--- Source information Enclosed Below ---

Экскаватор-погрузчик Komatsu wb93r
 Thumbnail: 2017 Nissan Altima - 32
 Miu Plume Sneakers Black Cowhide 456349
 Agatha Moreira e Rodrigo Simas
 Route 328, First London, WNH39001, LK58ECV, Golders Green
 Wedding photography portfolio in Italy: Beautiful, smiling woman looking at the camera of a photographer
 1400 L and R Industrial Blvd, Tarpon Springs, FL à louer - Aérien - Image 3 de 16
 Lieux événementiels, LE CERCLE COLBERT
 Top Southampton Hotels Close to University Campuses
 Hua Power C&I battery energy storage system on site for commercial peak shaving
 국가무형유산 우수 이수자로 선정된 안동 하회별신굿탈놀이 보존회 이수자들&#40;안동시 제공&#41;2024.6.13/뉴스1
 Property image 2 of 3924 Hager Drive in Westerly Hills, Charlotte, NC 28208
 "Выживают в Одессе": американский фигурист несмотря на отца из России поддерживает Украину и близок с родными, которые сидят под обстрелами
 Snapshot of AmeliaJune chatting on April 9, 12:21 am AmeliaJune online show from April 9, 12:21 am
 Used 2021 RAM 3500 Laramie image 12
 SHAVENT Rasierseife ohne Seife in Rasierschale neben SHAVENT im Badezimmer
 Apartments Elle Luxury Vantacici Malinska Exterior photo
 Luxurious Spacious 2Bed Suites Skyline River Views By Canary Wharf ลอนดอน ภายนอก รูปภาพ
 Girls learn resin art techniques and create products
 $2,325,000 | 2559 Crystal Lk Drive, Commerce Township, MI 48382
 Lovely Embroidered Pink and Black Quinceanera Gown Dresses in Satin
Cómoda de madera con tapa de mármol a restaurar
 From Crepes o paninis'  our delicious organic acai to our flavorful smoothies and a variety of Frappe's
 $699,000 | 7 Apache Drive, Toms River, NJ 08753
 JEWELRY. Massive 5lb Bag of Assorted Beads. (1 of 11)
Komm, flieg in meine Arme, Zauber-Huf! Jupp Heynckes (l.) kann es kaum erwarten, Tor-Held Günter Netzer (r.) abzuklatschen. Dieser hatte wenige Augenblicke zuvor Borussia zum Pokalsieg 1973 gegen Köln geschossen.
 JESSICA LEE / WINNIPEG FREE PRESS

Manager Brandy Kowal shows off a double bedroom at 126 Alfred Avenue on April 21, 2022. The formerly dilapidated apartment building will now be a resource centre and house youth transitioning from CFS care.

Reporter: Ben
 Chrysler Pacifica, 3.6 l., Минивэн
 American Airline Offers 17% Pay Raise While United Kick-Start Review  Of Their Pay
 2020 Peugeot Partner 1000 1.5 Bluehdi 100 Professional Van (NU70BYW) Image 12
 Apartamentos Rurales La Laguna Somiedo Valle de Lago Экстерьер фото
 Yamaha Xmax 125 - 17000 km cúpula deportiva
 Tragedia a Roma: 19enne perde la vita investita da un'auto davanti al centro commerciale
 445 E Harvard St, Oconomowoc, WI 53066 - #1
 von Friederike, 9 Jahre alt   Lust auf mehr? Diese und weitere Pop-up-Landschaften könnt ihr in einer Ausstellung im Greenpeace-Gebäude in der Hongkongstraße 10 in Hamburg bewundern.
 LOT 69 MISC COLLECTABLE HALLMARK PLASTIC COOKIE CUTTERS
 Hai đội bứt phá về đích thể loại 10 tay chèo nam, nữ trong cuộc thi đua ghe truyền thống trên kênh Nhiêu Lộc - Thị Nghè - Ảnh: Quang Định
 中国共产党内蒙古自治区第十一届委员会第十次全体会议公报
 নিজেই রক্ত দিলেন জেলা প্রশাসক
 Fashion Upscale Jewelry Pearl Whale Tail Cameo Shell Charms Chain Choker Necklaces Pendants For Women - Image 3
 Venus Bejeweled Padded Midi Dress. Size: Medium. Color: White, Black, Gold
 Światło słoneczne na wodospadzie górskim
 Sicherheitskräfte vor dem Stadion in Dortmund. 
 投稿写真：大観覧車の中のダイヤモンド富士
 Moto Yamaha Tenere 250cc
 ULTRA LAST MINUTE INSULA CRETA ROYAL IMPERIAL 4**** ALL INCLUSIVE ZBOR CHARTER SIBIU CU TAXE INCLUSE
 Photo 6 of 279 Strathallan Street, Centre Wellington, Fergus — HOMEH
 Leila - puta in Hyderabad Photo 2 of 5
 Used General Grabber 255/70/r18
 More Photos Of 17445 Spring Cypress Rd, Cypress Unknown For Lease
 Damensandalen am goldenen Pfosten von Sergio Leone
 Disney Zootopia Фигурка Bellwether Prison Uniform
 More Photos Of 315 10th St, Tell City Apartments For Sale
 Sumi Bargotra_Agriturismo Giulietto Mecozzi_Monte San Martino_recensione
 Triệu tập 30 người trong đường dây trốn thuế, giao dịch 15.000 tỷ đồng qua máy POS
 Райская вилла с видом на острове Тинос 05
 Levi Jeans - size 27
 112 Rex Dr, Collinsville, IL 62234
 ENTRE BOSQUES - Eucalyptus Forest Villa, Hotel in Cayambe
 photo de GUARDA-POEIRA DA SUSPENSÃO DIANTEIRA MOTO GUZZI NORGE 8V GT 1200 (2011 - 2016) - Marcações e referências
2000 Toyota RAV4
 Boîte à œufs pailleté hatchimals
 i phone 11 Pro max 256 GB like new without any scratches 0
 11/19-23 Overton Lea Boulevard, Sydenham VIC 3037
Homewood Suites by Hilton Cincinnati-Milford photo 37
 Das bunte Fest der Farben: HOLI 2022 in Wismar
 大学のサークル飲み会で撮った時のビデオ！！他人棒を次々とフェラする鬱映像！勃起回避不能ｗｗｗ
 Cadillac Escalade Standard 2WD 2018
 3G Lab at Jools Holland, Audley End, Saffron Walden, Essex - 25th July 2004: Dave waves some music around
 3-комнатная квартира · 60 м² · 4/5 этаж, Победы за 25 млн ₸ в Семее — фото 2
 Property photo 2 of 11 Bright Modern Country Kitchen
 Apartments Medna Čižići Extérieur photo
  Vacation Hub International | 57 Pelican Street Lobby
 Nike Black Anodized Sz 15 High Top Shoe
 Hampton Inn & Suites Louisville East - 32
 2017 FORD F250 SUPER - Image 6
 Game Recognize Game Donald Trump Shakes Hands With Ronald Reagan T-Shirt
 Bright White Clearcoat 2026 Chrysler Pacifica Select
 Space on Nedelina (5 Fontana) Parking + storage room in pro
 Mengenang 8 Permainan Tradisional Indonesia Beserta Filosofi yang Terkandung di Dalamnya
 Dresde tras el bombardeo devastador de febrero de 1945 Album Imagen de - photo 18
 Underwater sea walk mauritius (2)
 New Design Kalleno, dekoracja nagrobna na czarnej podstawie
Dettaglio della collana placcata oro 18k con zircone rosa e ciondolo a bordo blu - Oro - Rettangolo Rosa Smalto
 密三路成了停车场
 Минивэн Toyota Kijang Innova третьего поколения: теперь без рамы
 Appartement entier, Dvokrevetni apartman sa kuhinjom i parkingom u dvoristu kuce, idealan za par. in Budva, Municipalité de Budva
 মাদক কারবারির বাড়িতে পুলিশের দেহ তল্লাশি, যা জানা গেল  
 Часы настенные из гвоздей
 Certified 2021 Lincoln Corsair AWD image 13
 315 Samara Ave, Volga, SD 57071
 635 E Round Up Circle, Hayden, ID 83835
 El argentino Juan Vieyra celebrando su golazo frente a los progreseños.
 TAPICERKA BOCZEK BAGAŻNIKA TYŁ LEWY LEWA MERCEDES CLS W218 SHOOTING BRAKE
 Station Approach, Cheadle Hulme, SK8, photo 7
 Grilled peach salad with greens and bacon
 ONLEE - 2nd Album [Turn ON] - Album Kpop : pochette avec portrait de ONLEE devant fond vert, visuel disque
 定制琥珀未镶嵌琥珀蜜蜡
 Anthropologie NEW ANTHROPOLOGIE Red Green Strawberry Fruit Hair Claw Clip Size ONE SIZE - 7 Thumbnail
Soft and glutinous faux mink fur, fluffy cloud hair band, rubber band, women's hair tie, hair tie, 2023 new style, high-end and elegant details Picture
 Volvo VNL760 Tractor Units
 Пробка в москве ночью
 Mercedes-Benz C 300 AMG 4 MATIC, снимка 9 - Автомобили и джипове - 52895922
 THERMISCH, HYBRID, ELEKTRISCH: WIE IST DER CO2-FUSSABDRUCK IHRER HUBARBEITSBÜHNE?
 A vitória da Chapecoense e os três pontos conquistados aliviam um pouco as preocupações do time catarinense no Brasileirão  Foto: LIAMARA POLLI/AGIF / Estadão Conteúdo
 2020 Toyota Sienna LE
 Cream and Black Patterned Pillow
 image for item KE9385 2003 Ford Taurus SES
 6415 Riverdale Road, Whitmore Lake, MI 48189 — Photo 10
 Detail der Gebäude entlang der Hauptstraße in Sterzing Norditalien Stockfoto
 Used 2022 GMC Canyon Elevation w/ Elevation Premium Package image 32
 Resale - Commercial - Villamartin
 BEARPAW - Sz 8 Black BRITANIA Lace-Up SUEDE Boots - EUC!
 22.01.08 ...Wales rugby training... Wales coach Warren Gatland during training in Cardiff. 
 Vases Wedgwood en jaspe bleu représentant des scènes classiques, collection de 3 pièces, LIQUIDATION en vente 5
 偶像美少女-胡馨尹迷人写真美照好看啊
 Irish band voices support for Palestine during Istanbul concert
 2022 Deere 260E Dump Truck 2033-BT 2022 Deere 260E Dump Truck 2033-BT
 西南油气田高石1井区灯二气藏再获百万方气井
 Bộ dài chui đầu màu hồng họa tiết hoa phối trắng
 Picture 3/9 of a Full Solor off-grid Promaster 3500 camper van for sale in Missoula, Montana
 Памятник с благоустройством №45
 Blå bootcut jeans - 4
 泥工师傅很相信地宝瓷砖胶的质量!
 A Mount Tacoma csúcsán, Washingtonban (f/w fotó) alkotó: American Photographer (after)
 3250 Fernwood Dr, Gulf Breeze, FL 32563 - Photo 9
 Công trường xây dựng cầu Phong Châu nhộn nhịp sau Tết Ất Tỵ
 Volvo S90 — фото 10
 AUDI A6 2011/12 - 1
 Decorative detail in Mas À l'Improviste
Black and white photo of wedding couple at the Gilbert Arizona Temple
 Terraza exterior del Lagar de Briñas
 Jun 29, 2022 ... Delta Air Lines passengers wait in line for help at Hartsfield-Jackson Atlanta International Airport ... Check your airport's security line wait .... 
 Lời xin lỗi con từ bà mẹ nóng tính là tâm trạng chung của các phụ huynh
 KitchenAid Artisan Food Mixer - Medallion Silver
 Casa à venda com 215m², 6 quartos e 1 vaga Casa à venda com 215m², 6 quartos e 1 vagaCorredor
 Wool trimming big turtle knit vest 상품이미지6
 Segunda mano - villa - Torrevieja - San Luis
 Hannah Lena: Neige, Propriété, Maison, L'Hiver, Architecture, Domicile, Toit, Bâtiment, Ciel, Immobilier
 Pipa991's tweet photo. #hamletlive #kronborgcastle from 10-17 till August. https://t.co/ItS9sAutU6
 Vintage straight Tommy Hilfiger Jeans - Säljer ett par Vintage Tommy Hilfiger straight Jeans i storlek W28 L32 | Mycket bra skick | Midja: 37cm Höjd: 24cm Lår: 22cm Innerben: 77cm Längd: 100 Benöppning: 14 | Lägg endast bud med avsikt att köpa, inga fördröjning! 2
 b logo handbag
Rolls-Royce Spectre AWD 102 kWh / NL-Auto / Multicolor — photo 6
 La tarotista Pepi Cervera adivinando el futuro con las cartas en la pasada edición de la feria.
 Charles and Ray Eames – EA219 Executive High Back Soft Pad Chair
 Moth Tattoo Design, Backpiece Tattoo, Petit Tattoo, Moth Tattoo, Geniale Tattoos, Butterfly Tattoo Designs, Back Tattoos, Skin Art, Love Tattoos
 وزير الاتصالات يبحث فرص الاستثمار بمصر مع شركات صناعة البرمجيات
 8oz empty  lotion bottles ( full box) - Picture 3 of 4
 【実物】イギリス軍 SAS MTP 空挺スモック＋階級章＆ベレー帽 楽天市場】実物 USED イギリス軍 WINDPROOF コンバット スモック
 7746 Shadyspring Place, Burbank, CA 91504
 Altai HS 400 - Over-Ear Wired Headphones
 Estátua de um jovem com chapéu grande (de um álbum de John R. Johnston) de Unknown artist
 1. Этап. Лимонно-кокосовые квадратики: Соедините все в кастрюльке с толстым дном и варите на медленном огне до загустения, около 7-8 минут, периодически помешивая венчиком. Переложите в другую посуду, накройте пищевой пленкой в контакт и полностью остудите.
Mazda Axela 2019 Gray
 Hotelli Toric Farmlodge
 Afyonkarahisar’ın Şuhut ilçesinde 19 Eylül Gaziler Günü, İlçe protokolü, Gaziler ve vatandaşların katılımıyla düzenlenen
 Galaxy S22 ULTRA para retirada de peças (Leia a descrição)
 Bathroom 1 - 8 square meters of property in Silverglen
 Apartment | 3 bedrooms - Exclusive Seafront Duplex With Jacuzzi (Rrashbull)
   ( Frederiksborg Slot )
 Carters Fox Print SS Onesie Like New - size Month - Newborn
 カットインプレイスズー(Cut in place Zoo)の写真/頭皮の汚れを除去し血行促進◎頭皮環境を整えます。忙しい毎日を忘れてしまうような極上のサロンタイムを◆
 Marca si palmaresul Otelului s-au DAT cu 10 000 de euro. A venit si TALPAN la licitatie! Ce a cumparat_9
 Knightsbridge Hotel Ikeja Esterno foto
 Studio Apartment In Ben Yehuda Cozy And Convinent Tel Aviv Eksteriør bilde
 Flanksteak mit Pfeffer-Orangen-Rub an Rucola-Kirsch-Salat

--- End of Enclosed Source information ---

About this exercise - In the listing above, find the line containing "Sicherheitskräfte vor dem" and the line containing "Used General Grabber 255/70/r18", then retype both and every line between them exactly, with nothing else.

Answer to the problem -
 Sicherheitskräfte vor dem Stadion in Dortmund. 
 投稿写真：大観覧車の中のダイヤモンド富士
 Moto Yamaha Tenere 250cc
 ULTRA LAST MINUTE INSULA CRETA ROYAL IMPERIAL 4**** ALL INCLUSIVE ZBOR CHARTER SIBIU CU TAXE INCLUSE
 Photo 6 of 279 Strathallan Street, Centre Wellington, Fergus — HOMEH
 Leila - puta in Hyderabad Photo 2 of 5
 Used General Grabber 255/70/r18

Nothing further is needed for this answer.